Most impressive about Giannis' night was that he showed up in the fourth quarter, when the Bucks needed him the most. In 10 fourth-quarter minutes, he put up 12 points and five rebounds -- a good line for some players for an entire game.

Whether it was in transition, in the post, cutting to the basket or grabbing offensive rebounds for putbacks, he did it all. In particular, his rebound and putback with just over three minutes to play was a backbreaker for the Celtics.

"One of his best baskets was when he jumped up for an offensive rebound," Bucks head coach Joe Prunty noted in the postgame press conference. "He jumped, put his arms up, and made a play not many players in this league can make. … To be able to go up after playing as hard as he does, at that point in the game, it's a massive play."

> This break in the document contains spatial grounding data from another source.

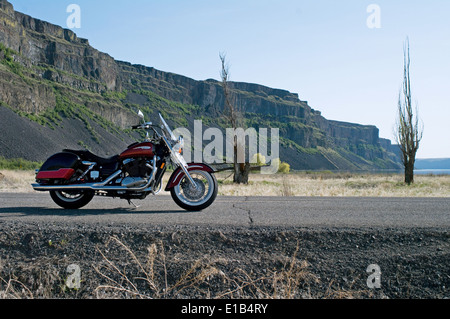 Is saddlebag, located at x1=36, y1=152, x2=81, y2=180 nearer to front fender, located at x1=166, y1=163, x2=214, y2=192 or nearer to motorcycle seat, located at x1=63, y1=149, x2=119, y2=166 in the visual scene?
motorcycle seat, located at x1=63, y1=149, x2=119, y2=166

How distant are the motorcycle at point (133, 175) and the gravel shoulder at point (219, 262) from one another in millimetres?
1770

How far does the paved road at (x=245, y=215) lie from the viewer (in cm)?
524

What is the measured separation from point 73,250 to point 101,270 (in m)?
0.53

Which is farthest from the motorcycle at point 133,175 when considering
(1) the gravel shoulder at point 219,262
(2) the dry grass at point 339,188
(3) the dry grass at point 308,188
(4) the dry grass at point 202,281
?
(2) the dry grass at point 339,188

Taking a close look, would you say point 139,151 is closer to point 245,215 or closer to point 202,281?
point 245,215

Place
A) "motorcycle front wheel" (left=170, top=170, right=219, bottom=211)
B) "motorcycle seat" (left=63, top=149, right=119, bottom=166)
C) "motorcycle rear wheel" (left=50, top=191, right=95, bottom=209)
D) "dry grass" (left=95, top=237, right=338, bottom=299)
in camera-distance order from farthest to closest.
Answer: "motorcycle rear wheel" (left=50, top=191, right=95, bottom=209), "motorcycle seat" (left=63, top=149, right=119, bottom=166), "motorcycle front wheel" (left=170, top=170, right=219, bottom=211), "dry grass" (left=95, top=237, right=338, bottom=299)

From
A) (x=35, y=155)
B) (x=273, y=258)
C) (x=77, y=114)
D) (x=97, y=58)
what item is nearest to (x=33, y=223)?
(x=273, y=258)

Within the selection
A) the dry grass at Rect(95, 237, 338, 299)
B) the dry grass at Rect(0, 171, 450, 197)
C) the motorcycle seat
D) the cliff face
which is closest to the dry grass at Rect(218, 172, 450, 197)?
the dry grass at Rect(0, 171, 450, 197)

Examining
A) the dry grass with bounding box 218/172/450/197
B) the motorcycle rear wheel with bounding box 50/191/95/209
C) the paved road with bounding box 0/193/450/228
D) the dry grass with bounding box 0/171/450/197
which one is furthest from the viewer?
the dry grass with bounding box 218/172/450/197

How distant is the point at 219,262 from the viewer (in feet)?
13.5

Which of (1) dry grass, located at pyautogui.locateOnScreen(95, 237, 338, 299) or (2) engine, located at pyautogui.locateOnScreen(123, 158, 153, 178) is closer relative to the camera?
(1) dry grass, located at pyautogui.locateOnScreen(95, 237, 338, 299)

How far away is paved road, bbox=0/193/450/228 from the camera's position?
524 centimetres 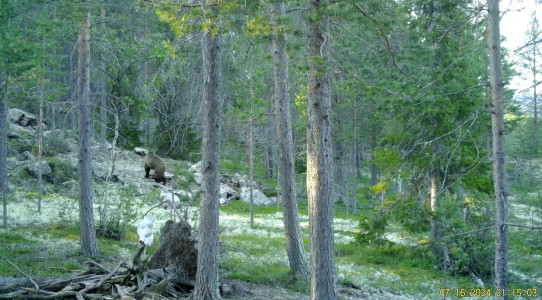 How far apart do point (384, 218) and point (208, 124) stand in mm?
10245

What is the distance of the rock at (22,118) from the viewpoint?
34.2 meters

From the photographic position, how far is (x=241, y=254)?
1498 centimetres

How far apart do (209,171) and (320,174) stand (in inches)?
77.2

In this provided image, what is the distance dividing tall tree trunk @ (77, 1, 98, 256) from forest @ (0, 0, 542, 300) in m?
0.04

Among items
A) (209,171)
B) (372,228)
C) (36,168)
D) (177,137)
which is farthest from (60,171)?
(209,171)

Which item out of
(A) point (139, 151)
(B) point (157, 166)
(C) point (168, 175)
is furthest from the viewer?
(A) point (139, 151)

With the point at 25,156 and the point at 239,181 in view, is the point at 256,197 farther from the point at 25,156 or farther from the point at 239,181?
the point at 25,156

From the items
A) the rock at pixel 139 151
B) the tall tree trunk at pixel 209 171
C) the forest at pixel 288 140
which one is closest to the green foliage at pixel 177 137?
the forest at pixel 288 140

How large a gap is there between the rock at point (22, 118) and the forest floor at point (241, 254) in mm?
11220

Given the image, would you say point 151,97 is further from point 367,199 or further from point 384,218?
point 367,199

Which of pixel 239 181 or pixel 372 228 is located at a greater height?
pixel 239 181

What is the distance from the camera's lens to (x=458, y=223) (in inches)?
458

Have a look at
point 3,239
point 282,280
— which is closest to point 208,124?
point 282,280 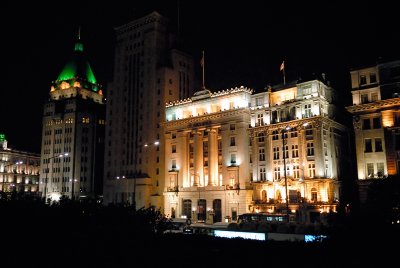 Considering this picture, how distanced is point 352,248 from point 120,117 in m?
117

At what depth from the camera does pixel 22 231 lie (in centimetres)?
3022

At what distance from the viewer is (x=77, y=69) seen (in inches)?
7313

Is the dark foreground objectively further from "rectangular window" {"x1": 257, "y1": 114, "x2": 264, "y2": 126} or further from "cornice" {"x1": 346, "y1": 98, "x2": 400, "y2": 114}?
"rectangular window" {"x1": 257, "y1": 114, "x2": 264, "y2": 126}

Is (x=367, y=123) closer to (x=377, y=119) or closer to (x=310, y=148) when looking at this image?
(x=377, y=119)

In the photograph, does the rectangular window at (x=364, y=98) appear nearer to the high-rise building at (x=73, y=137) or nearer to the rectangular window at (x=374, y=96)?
the rectangular window at (x=374, y=96)

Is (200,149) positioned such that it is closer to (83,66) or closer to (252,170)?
(252,170)

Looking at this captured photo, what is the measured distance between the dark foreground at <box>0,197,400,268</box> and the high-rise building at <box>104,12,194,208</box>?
89382mm

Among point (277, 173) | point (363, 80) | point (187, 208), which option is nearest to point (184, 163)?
point (187, 208)

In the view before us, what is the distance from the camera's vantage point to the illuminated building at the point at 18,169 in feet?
553

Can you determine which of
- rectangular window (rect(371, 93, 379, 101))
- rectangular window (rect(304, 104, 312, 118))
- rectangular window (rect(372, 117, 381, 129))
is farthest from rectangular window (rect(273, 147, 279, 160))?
rectangular window (rect(371, 93, 379, 101))

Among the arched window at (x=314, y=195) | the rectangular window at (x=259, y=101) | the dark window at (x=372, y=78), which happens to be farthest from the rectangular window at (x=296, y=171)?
the dark window at (x=372, y=78)

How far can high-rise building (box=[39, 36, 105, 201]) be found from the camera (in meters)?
165

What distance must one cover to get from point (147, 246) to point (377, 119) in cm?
6655

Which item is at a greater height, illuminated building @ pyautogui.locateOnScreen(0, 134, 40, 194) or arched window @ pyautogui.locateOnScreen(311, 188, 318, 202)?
illuminated building @ pyautogui.locateOnScreen(0, 134, 40, 194) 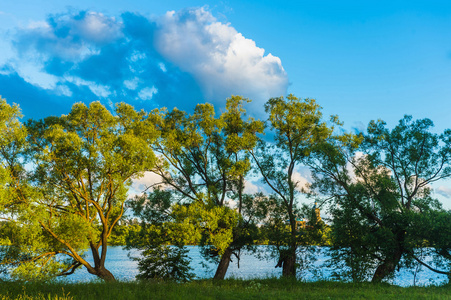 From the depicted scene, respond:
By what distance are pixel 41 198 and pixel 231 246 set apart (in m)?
15.4

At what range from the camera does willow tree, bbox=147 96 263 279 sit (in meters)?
28.2

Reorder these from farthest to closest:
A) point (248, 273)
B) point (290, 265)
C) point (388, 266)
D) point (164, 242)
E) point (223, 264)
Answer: point (248, 273) → point (223, 264) → point (290, 265) → point (164, 242) → point (388, 266)

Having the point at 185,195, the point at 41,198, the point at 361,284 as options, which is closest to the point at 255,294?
the point at 361,284

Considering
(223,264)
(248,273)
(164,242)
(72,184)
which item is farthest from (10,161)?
(248,273)

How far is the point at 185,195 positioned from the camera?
30500mm

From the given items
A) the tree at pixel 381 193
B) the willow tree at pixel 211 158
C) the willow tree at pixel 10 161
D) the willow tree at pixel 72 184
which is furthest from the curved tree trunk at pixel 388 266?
the willow tree at pixel 10 161

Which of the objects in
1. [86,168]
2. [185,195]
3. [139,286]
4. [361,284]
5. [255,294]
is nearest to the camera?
[255,294]

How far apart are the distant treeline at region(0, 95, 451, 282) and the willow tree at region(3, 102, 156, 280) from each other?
0.10 m

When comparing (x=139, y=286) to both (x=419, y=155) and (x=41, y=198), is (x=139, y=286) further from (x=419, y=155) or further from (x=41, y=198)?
(x=419, y=155)

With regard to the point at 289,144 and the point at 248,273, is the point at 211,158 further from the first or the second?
the point at 248,273

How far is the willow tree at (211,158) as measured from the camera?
92.6ft

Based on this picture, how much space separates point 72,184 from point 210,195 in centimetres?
1078

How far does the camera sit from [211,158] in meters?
30.7

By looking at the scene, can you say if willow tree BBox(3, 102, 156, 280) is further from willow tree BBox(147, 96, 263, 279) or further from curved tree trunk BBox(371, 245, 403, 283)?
curved tree trunk BBox(371, 245, 403, 283) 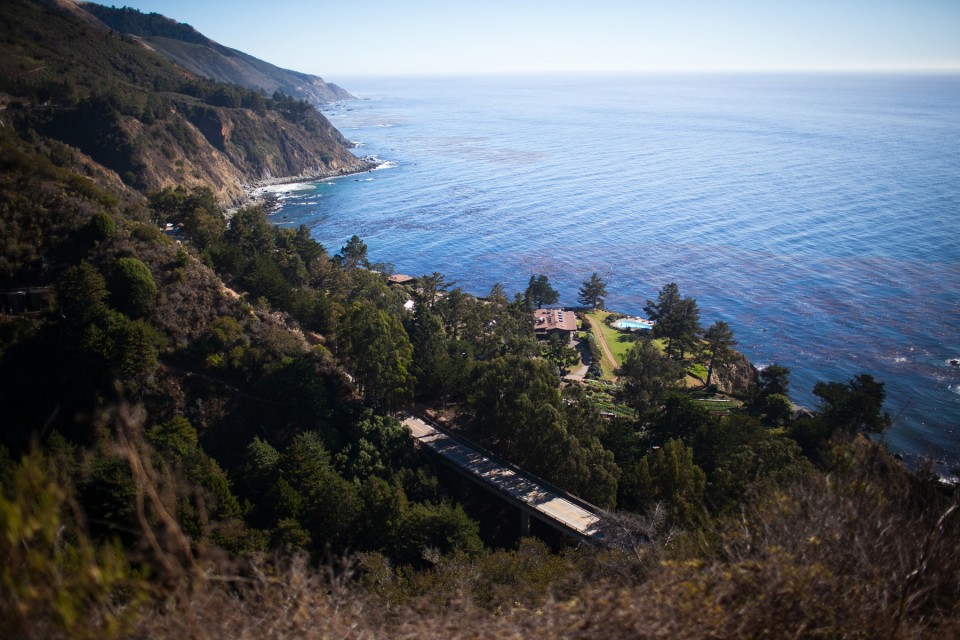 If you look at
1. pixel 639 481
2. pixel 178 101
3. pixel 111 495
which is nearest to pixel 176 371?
pixel 111 495

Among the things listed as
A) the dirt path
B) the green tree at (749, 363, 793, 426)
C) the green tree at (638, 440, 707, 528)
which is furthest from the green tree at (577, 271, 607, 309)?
the green tree at (638, 440, 707, 528)

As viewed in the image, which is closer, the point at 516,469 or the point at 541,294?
the point at 516,469

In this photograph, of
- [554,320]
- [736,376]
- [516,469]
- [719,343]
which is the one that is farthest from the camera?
[554,320]

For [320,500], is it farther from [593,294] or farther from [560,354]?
[593,294]

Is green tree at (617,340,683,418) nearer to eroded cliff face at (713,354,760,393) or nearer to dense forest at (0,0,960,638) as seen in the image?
dense forest at (0,0,960,638)

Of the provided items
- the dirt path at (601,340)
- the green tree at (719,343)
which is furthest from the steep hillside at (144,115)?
the green tree at (719,343)

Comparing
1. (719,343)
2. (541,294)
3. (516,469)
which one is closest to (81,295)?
(516,469) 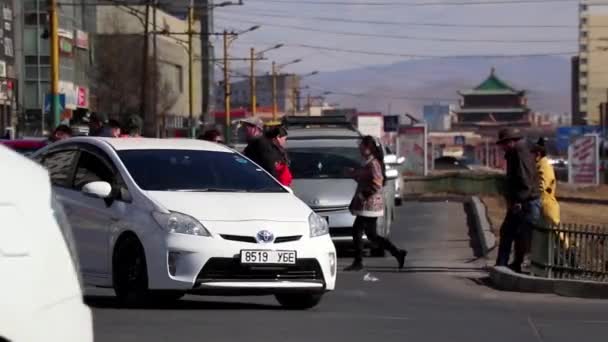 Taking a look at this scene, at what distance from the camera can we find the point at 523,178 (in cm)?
1708

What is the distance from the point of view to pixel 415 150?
60.2m

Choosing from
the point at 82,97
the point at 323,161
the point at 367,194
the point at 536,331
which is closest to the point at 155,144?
the point at 536,331

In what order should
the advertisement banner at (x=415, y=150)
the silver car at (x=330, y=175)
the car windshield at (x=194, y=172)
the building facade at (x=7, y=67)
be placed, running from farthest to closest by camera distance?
the building facade at (x=7, y=67) < the advertisement banner at (x=415, y=150) < the silver car at (x=330, y=175) < the car windshield at (x=194, y=172)

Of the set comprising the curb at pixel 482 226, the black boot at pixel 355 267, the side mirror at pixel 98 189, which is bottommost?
the curb at pixel 482 226

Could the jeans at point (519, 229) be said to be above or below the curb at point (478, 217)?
above

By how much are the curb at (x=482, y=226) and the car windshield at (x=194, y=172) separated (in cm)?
833

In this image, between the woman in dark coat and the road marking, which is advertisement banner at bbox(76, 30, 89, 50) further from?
the road marking

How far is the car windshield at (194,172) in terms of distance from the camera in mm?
12797

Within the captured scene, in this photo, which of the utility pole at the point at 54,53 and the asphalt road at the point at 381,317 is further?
the utility pole at the point at 54,53

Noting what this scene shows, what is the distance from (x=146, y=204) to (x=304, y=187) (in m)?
8.71

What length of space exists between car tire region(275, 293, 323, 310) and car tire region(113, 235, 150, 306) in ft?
4.22

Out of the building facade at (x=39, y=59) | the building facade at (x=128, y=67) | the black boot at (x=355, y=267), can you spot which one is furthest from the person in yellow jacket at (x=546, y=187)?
the building facade at (x=39, y=59)

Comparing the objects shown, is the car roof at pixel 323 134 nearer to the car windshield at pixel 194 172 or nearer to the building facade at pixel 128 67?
the car windshield at pixel 194 172

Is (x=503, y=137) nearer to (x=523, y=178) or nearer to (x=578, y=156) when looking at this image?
(x=523, y=178) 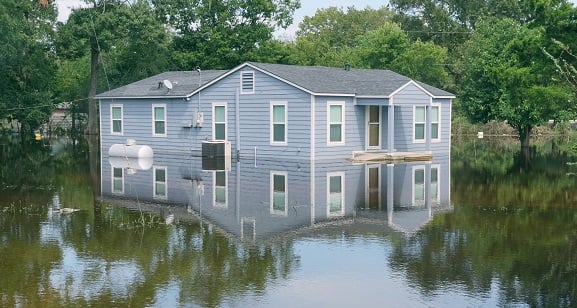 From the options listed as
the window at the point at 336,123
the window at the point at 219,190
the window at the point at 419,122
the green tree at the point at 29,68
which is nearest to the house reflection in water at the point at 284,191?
the window at the point at 219,190

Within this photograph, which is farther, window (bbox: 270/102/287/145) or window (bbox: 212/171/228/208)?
window (bbox: 270/102/287/145)

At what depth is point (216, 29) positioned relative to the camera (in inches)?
1955

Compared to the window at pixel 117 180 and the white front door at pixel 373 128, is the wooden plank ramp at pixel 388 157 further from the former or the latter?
the window at pixel 117 180

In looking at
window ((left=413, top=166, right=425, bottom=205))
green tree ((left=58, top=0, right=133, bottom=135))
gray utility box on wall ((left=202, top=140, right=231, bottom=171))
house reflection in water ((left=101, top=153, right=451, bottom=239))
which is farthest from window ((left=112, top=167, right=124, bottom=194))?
green tree ((left=58, top=0, right=133, bottom=135))

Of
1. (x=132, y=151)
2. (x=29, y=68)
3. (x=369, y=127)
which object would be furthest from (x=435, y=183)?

Down by as many as 12 points in the fourth quarter, the Celtics had the deficit down to six, and looked to have gotten a stop, before Giannis snatched the ball and put it back in to push the lead back to eight. The Celtics never got closer.

Giannis' ability to put a disappointing Game 5 behind him and step up in Game 6 -- the biggest game of his career to this point -- was the type of performance that cements his place among the game's best.

"If he sat back and watched Russell Westbrook last night, he watched LeBron James last night -- two guys in his elite company -- he sat back, he watched, he observed and he understood what he had to do tonight," Jason Terry explained to CBS Sports. "Whether he shot it 50 times, he had to do whatever he had to do tonight for us to get the win. That's what those two guys did, that's what all the great ones do. Michael Jordan did it. It's tough as a young player, because you want to be unselfish, you want to get everybody involved, but his job is to do whatever it takes on that given night to get us a win. And he did that tonight."

Now the budding superstar, who just five years ago was playing in the Greek second division, will have another chance to build his legacy in the first Game 7 of his career. Asked if he had any expectations for that moment, Giannis paused for a second, then demurred.

"The only thing I know is me and my team are going to play hard," he said.